Re: RISCV Vector unit disabled by default for new task (was Re: [PATCH v12 17/17] riscv: prctl to enable vector commands)

From: Palmer Dabbelt
Date: Fri Dec 09 2022 - 01:27:34 EST


On Thu, 08 Dec 2022 21:16:06 PST (-0800), Vineet Gupta wrote:
Hi Darius, Andrew, Palmer

On 9/21/22 14:43, Chris Stillson wrote:
diff --git a/arch/riscv/kernel/process.c b/arch/riscv/kernel/process.c

@@ -134,7 +135,6 @@ void start_thread(struct pt_regs *regs, unsigned long pc,
if (WARN_ON(!vstate->datap))
return;
}
- regs->status |= SR_VS_INITIAL;


Perhaps not obvious from the patch, but this is a major user experience
change: As in V unit would be turned off for a new task and we will rely
on a userspace prctl (also introduced in this patch) to enable V.
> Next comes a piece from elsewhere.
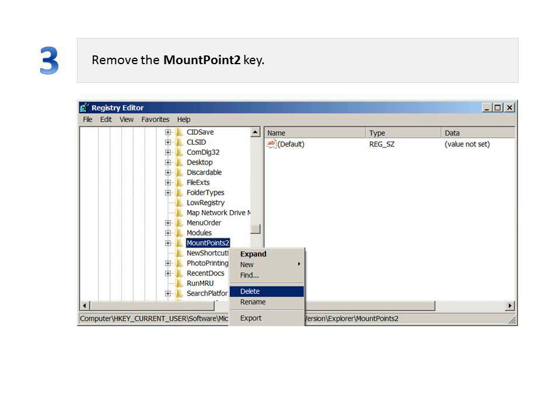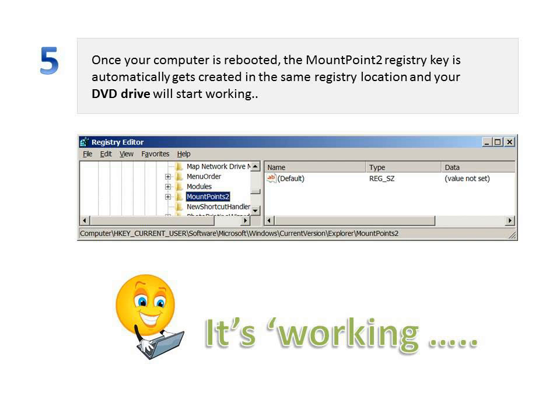Step 4: Close the registry editor window and reboot your computer. Step 5: Once your computer is rebooted, the MountPoints2 registry key gets created automatically in the same registry location and your DVD drive will function normally.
IMO that's the only viable option: enabling V adds more user-visible state, which is a uABI break. I haven't really had time to poke through all the versions here, but I'd have the call look something like

prctl(RISCV_ENABLE_V, min_vlenb, max_vlenb, flags);

where

* min_vlenb is the smallest VLENB that userspace can support. There's alreday an LLVM argument for this, I haven't dug into the generated code but I assume it'll blow up on smaller VLENB systems somehow.
* max_vlenb is the largest VLENB that userspace can support.
* flags is just a placeholder for now, with 0 meaning "V as defined by 1.0 for all threads in this proces". That should give us an out if something more complicated happens in the future.

That way VLA code can call `prctl(RISCV_ENABLE_V, 128, 8192, 0)` as it supports any V 1.0 implementation, while code with other constraints can avoid having V turned on in an unsupported configuration.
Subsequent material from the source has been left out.